Work to be completed >> Read through the data, and wherever a line holds the word "frame", write that line out.
[Start of Attachment]
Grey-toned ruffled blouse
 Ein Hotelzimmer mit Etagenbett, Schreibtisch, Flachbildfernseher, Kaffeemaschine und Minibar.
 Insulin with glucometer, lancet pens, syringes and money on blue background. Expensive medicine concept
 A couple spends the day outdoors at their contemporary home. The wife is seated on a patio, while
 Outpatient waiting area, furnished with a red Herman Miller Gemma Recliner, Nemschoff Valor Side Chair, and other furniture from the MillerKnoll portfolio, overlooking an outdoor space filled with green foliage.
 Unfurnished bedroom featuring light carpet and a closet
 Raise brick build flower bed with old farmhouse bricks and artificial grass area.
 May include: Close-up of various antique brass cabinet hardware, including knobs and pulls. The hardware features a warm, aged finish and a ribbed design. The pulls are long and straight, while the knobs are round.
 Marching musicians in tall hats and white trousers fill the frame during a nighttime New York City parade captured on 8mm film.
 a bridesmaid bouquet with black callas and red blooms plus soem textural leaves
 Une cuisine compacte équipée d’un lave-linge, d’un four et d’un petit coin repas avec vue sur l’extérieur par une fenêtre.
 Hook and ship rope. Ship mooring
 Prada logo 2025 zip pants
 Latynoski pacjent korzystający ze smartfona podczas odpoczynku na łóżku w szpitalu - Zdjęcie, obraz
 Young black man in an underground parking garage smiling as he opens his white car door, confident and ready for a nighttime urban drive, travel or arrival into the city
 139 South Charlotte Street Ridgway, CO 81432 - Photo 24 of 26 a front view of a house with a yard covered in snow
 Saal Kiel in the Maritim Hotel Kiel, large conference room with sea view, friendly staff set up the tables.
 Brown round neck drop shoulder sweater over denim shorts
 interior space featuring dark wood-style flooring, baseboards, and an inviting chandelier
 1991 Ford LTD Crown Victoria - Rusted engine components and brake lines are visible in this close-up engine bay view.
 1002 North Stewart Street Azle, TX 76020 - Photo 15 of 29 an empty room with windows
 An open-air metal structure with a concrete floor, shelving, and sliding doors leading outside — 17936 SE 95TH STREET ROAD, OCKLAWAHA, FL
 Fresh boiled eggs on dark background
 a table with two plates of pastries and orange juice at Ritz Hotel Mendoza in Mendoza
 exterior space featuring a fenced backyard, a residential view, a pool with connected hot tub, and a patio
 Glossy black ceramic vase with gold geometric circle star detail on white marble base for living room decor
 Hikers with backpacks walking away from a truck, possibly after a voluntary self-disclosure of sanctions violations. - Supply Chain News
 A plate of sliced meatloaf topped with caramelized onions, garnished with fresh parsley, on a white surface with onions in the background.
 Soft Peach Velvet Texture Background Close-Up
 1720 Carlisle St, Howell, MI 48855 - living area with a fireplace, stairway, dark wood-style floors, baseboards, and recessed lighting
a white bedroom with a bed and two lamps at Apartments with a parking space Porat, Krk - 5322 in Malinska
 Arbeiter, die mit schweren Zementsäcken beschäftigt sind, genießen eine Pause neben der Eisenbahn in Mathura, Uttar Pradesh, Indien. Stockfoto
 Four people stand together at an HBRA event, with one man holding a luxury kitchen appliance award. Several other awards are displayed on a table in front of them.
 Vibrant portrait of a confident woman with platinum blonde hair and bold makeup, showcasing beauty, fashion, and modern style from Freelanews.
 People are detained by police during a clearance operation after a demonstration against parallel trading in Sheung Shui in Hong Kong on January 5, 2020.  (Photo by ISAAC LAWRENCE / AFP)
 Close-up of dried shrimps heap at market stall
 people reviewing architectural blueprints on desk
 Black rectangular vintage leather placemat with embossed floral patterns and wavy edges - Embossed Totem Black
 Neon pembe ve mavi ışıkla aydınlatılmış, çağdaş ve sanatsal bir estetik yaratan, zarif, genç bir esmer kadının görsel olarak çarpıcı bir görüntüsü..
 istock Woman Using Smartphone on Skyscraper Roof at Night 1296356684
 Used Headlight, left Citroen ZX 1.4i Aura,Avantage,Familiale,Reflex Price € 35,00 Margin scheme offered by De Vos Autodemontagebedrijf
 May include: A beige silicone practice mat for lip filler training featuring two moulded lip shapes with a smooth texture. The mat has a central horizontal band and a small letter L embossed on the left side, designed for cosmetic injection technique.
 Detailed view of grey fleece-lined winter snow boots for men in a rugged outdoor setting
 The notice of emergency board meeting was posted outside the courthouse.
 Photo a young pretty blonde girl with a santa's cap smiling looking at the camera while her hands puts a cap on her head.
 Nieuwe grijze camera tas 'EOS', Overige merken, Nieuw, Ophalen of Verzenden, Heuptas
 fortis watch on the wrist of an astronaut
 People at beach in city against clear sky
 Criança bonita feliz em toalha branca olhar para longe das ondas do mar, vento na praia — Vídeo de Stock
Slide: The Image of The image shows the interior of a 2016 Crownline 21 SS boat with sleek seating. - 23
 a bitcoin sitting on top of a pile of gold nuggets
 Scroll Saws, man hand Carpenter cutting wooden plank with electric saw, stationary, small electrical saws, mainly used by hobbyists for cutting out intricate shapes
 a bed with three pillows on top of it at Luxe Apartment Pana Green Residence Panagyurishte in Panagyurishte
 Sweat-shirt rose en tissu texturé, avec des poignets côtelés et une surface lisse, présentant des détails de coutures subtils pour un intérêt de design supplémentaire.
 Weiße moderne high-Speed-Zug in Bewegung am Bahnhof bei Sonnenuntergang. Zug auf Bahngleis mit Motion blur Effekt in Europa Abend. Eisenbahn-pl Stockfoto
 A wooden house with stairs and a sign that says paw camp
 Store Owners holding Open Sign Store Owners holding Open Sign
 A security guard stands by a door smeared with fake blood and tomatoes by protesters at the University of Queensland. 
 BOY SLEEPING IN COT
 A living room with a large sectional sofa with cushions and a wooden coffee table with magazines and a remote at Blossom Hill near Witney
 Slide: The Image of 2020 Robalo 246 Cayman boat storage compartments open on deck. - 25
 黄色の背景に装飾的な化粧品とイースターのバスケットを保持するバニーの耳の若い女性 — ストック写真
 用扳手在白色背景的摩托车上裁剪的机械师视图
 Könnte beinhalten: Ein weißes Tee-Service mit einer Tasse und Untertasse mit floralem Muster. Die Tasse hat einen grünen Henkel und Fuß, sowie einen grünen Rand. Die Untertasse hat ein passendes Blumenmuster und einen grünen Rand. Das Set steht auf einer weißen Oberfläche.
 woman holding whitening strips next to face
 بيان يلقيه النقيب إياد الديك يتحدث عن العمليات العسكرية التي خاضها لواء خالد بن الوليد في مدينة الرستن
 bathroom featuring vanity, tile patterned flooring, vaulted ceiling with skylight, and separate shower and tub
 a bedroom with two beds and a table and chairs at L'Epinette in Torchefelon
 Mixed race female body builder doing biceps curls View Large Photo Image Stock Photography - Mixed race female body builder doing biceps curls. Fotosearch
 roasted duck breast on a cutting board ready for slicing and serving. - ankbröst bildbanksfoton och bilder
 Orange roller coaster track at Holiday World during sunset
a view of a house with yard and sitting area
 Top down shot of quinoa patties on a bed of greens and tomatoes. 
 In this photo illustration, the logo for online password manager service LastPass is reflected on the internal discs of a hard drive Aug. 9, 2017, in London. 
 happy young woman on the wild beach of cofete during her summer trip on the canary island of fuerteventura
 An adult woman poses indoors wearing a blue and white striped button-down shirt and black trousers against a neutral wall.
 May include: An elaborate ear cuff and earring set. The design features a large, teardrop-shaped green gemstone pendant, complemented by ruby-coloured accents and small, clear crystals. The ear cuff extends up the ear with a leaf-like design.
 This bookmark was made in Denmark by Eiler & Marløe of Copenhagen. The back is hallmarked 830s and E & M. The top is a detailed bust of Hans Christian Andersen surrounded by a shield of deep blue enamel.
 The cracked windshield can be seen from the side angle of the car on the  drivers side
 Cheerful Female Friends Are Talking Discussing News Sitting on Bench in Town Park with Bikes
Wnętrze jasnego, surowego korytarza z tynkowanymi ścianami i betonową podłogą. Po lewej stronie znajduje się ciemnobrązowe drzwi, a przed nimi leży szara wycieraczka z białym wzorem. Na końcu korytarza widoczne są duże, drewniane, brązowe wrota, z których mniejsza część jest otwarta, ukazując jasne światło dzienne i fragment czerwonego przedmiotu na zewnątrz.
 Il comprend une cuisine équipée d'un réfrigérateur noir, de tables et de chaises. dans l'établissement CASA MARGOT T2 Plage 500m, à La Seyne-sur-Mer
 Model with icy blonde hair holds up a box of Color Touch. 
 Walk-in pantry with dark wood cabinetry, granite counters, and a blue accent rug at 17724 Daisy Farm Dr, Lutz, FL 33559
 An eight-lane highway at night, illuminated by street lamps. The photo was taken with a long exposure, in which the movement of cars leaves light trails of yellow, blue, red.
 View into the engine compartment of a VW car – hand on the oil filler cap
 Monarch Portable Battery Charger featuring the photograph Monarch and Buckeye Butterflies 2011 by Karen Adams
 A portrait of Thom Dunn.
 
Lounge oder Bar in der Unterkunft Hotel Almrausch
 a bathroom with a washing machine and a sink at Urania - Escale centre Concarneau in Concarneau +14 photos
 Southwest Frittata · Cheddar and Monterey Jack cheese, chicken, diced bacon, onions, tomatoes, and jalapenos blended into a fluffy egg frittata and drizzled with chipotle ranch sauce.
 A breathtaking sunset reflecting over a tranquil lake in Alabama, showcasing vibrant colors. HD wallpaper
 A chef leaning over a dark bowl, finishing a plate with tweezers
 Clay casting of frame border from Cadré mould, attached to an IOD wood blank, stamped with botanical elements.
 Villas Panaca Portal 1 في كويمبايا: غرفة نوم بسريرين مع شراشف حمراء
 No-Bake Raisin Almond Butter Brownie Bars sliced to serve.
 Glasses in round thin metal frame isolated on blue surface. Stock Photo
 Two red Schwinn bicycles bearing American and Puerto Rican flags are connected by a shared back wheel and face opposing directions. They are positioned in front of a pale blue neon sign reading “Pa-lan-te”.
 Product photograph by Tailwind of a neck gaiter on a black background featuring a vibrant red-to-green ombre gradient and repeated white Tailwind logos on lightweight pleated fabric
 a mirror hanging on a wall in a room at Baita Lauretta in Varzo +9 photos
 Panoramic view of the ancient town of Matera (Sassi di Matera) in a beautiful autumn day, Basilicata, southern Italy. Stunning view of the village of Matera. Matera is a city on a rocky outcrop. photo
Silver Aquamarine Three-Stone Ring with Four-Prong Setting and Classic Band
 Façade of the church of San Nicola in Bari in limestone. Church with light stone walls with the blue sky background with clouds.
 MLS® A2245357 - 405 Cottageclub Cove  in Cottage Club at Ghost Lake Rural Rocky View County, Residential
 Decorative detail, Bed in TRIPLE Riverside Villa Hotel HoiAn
[End of Attachment]
Completed task >>
 Marching musicians in tall hats and white trousers fill the frame during a nighttime New York City parade captured on 8mm film.
 Clay casting of frame border from Cadré mould, attached to an IOD wood blank, stamped with botanical elements.
 Glasses in round thin metal frame isolated on blue surface. Stock Photo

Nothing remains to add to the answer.